# [Source data]
..............................
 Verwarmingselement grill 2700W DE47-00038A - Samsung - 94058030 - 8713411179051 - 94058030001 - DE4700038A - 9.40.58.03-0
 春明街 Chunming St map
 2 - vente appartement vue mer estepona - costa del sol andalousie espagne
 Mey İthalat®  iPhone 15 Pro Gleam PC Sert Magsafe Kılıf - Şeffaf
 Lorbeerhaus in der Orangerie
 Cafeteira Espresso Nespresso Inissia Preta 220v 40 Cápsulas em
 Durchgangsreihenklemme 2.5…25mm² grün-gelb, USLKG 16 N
..............................
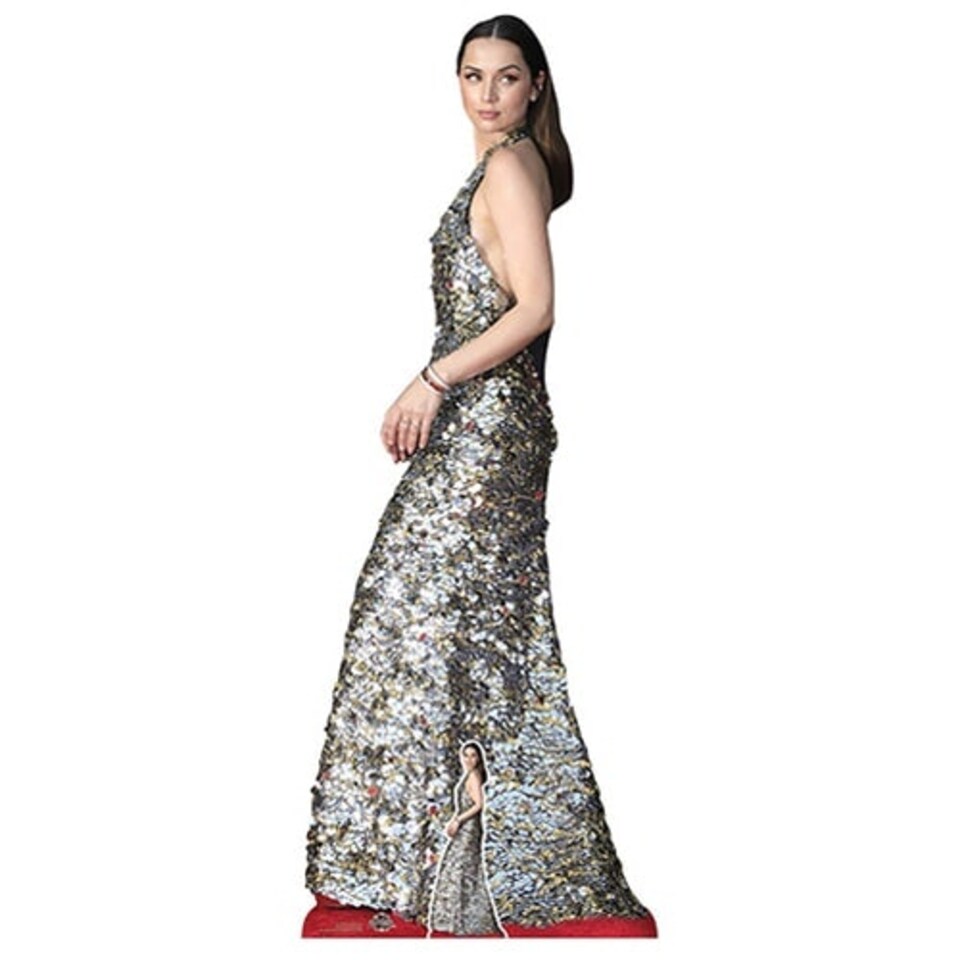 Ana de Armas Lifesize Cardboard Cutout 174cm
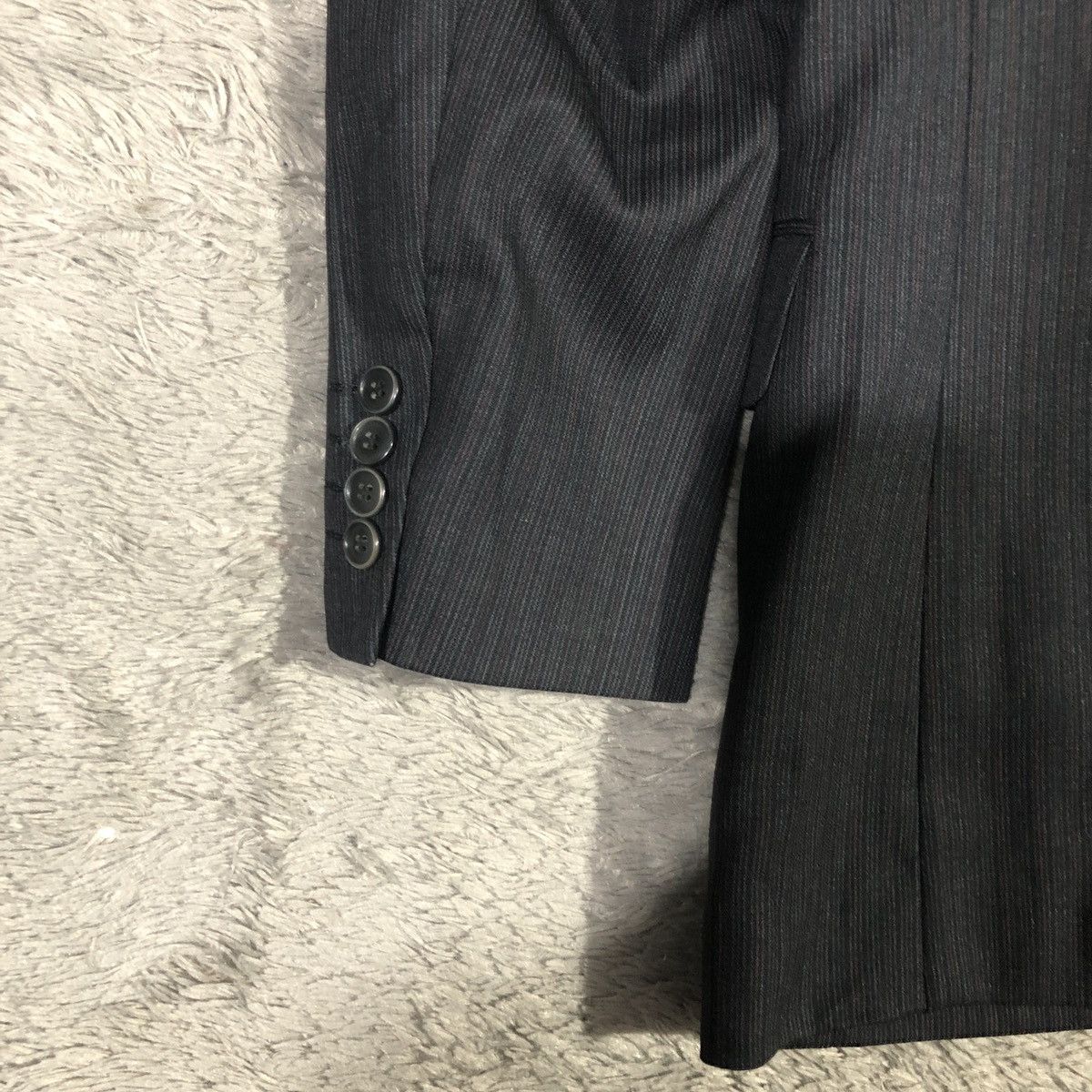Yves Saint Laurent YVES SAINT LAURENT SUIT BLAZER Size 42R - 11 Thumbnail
..............................
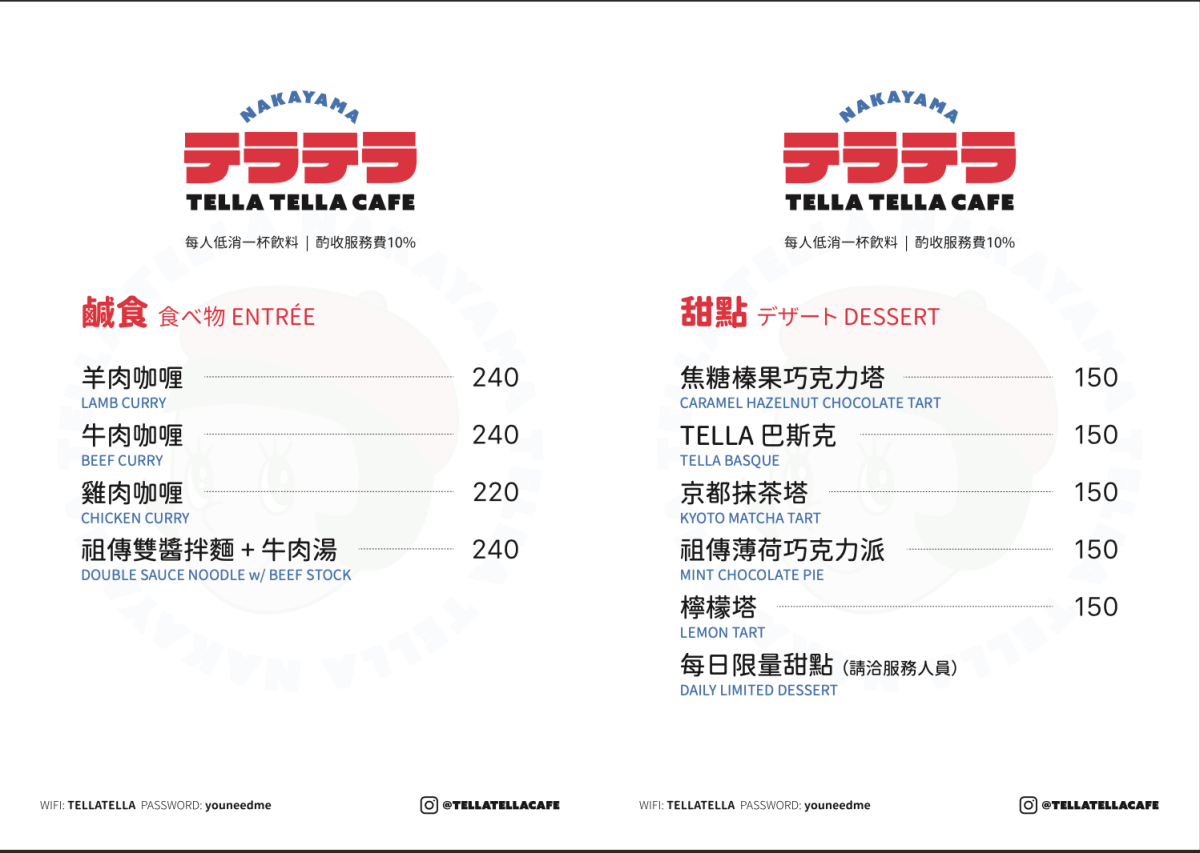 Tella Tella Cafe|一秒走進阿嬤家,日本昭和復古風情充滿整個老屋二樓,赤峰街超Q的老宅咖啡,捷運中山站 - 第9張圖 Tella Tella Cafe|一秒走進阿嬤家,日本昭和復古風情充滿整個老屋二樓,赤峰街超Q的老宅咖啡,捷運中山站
..............................
# [Exercise]
Reproduce the entries exactly, from the line with "Ana de Armas Lifesize Cardboard Cutout 174cm" to the line with "Yves Saint Laurent YVES", both lines included, keeping no pictures.

# [Written answer]
 Ana de Armas Lifesize Cardboard Cutout 174cm
Yves Saint Laurent YVES SAINT LAURENT SUIT BLAZER Size 42R - 11 Thumbnail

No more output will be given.